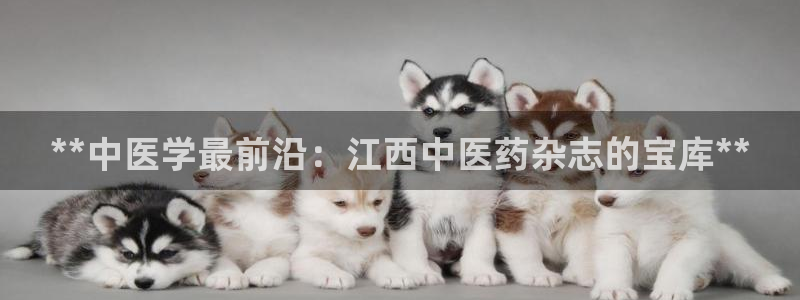 j9九游会app官方下载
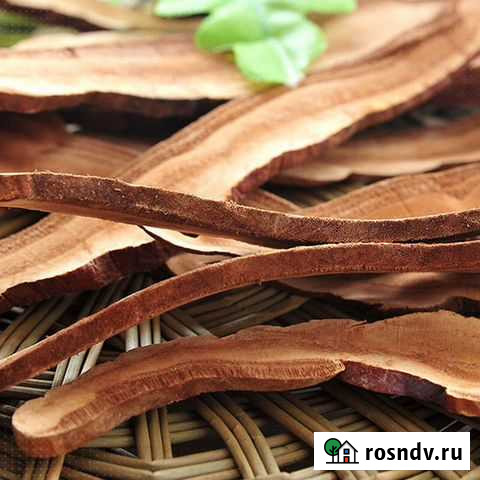 Гриб Линчжи (Рейши) для иммунитета Пермь - изображение 1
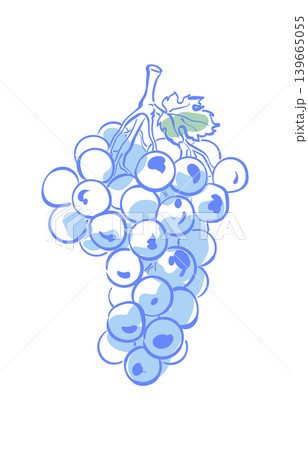 Vintage grape sketch with soft blue color. Whimsical wine fruit doodle as simple mediterranean symbol. Classic italy food motif suits sicily picnic menu art and wine restaurant card with light retro Vintage grape sketch with soft blue color. Whimsical wine fruit doodle as simple mediterranean symbol. Classic italy food motif suits sicily picnic menu art and wine restaurant card with light retro 139665055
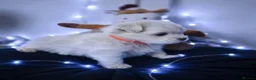 Maltese dogs for sale: 🐶4 Beautiful Maltese Puppies – 3 Boys & 1 Girl - Advert 15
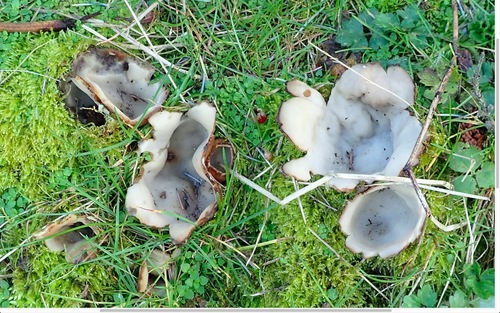 Geopora sumneriana image
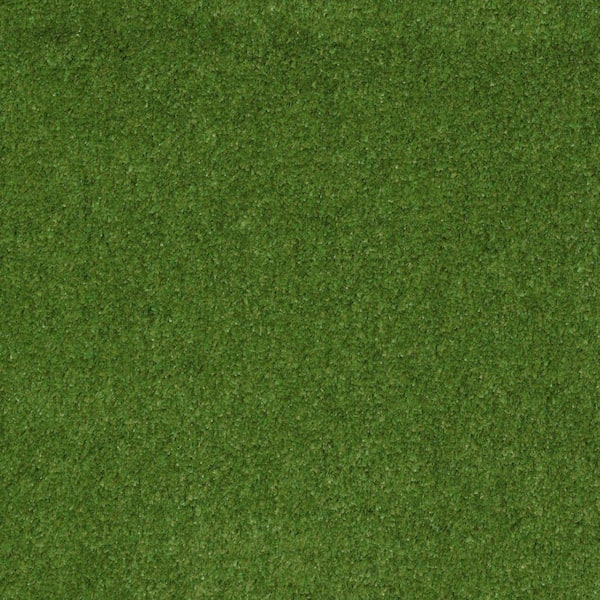 TrafficMaster Toulon 12 ft. Wide x Cut to Length Indoor/Outdoor Meadow Artificial Grass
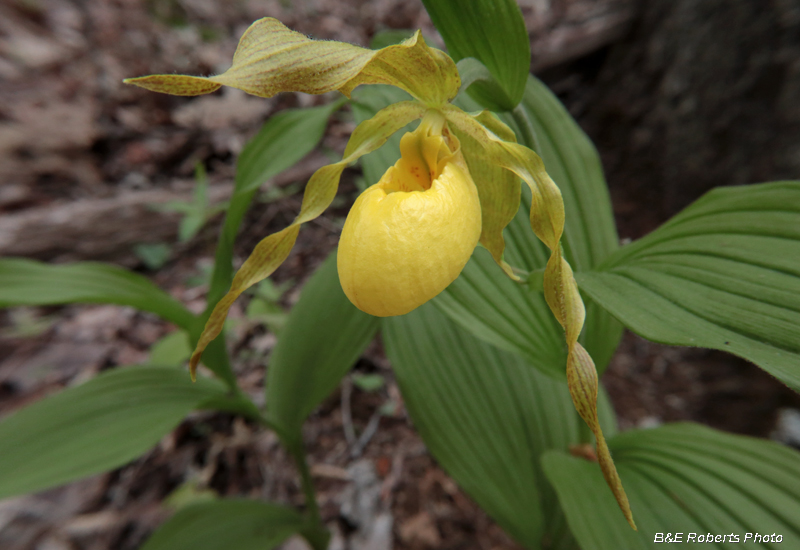 Yellow_Ladys_Slipper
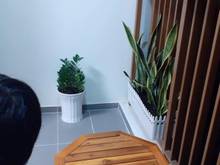 Hình ảnh Chính chủ cho thuê Trang Chủ MB66.COM / Đăng Ký Tặng 66K 62m2 view hồ bơi Topaztwins Biên Hòa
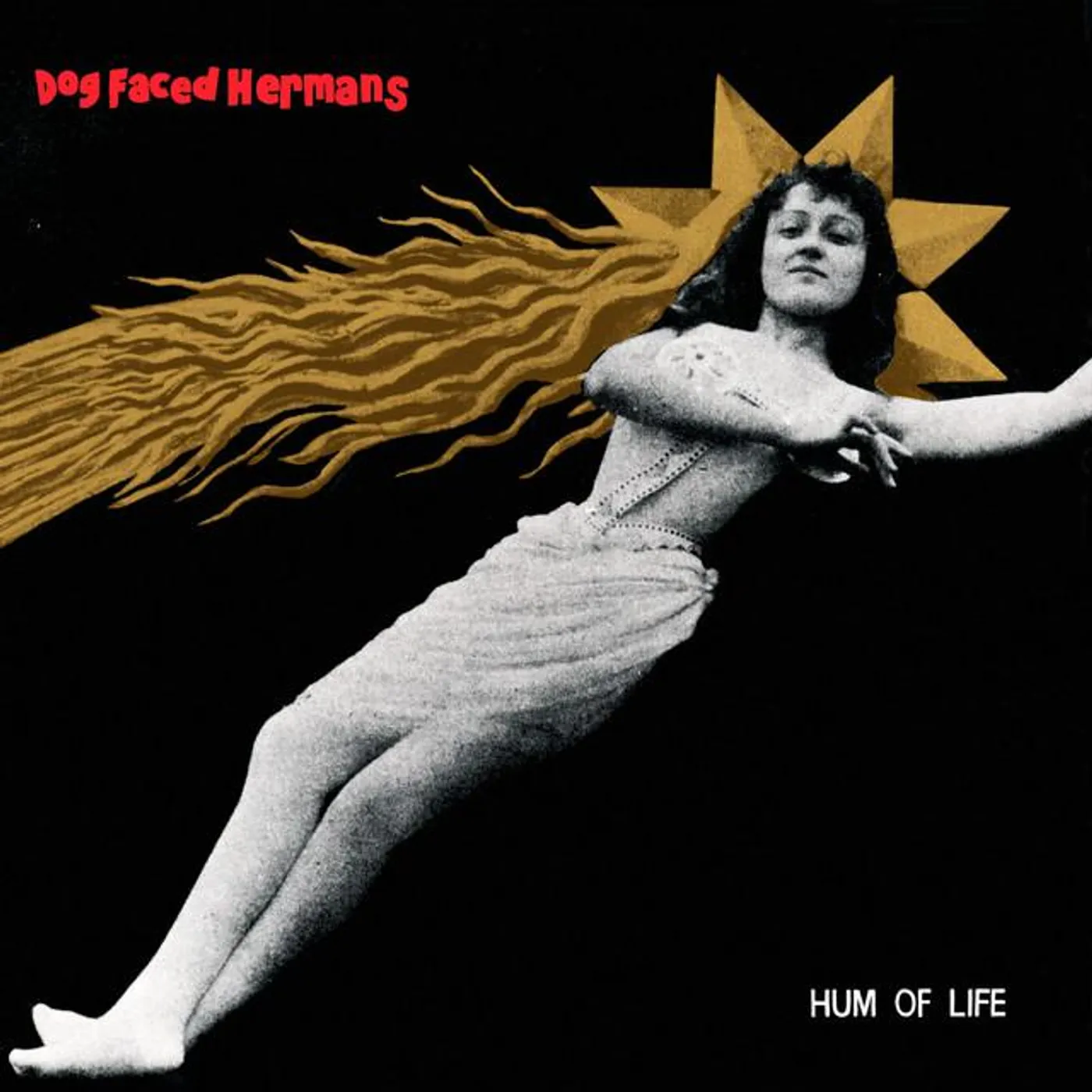 Dog Faced Hermans Brand Page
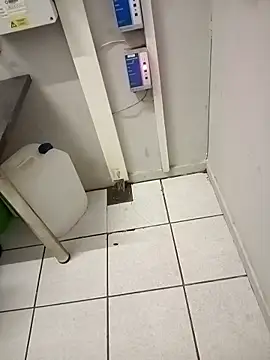 paptsimo online show from 11-25-25, 02:44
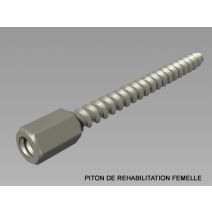 piton de réhabilitation femelle - MPI PROFILS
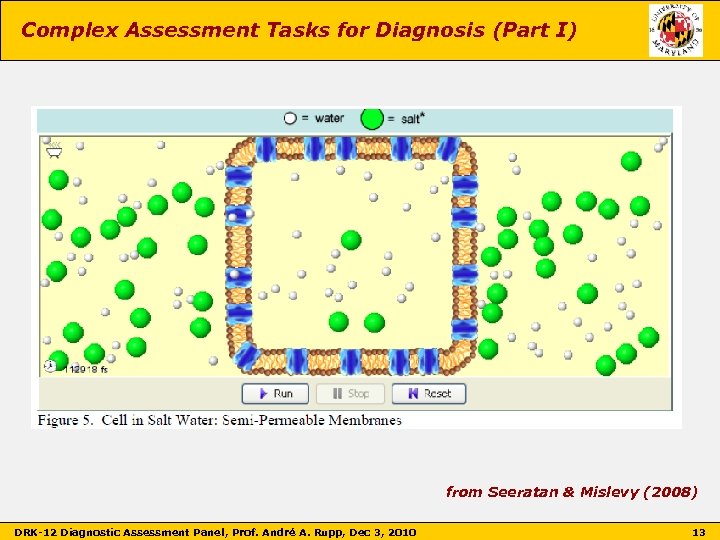 Complex Assessment Tasks for Diagnosis (Part I) from Seeratan & Mislevy (2008) DRK-12 Diagnostic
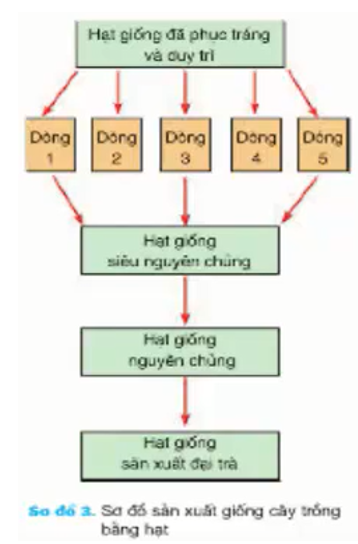 Giải bài tập Công nghệ 7 | Giải Công nghệ 7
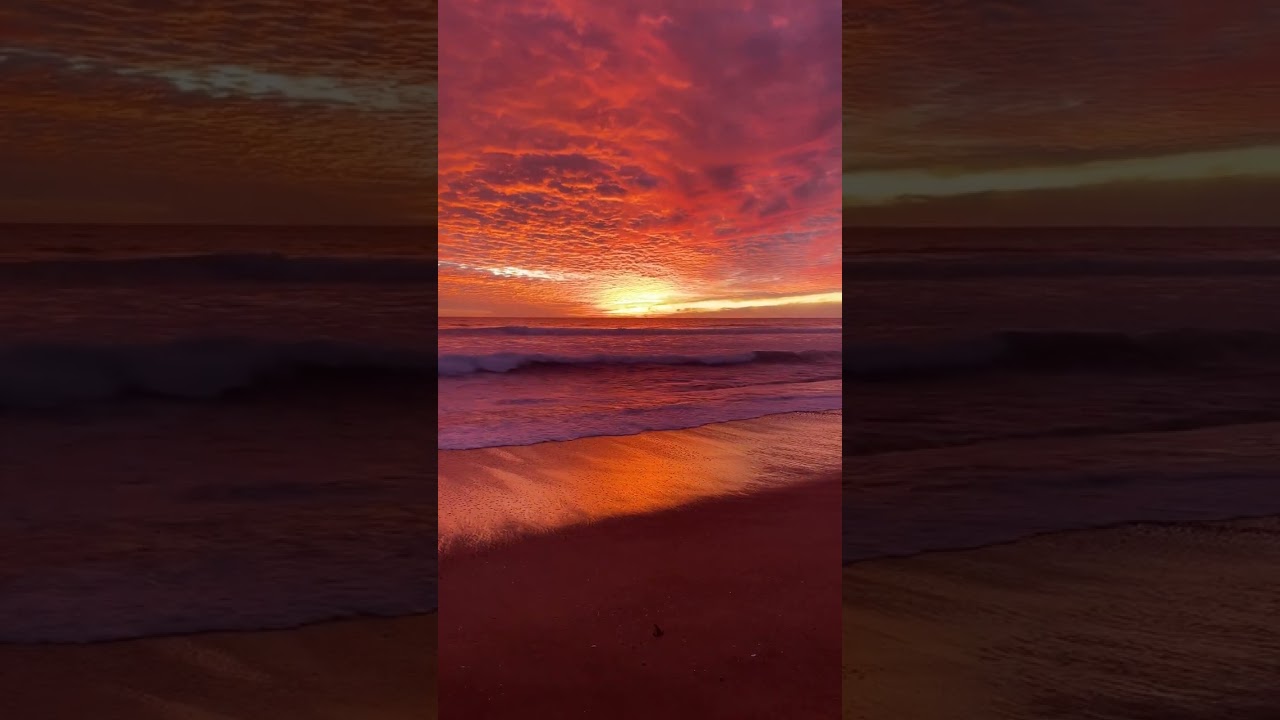 4K Video of Colorful Scene Under Sunset During Golden Hour / Amazing Nature Scenery 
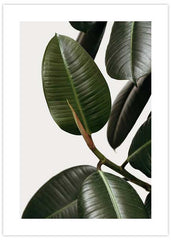 Rubber Plant No1 Poster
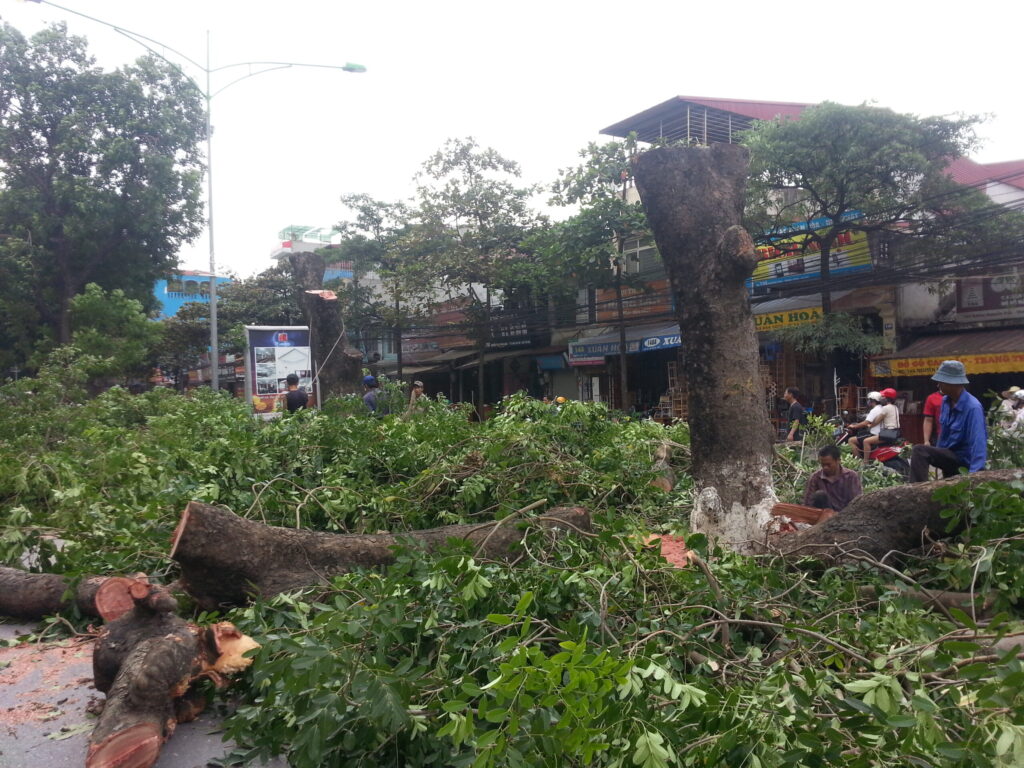 DỊCH VỤ CƯA CÂY TẠI THỦ ĐỨC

▸ **TASK INSTRUCTIONS**: Output all of the data word for word, excluding any pictures.

▸ **RESPONSE TO THE EXERCISE**:
 j9九游会app官方下载
 Гриб Линчжи (Рейши) для иммунитета Пермь - изображение 1
 Vintage grape sketch with soft blue color. Whimsical wine fruit doodle as simple mediterranean symbol. Classic italy food motif suits sicily picnic menu art and wine restaurant card with light retro Vintage grape sketch with soft blue color. Whimsical wine fruit doodle as simple mediterranean symbol. Classic italy food motif suits sicily picnic menu art and wine restaurant card with light retro 139665055
 Maltese dogs for sale: 🐶4 Beautiful Maltese Puppies – 3 Boys & 1 Girl - Advert 15
 Geopora sumneriana image
 TrafficMaster Toulon 12 ft. Wide x Cut to Length Indoor/Outdoor Meadow Artificial Grass
 Yellow_Ladys_Slipper
 Hình ảnh Chính chủ cho thuê Trang Chủ MB66.COM / Đăng Ký Tặng 66K 62m2 view hồ bơi Topaztwins Biên Hòa
 Dog Faced Hermans Brand Page
 paptsimo online show from 11-25-25, 02:44
 piton de réhabilitation femelle - MPI PROFILS
 Complex Assessment Tasks for Diagnosis (Part I) from Seeratan & Mislevy (2008) DRK-12 Diagnostic
 Giải bài tập Công nghệ 7 | Giải Công nghệ 7
 4K Video of Colorful Scene Under Sunset During Golden Hour / Amazing Nature Scenery 
 Rubber Plant No1 Poster
 DỊCH VỤ CƯA CÂY TẠI THỦ ĐỨC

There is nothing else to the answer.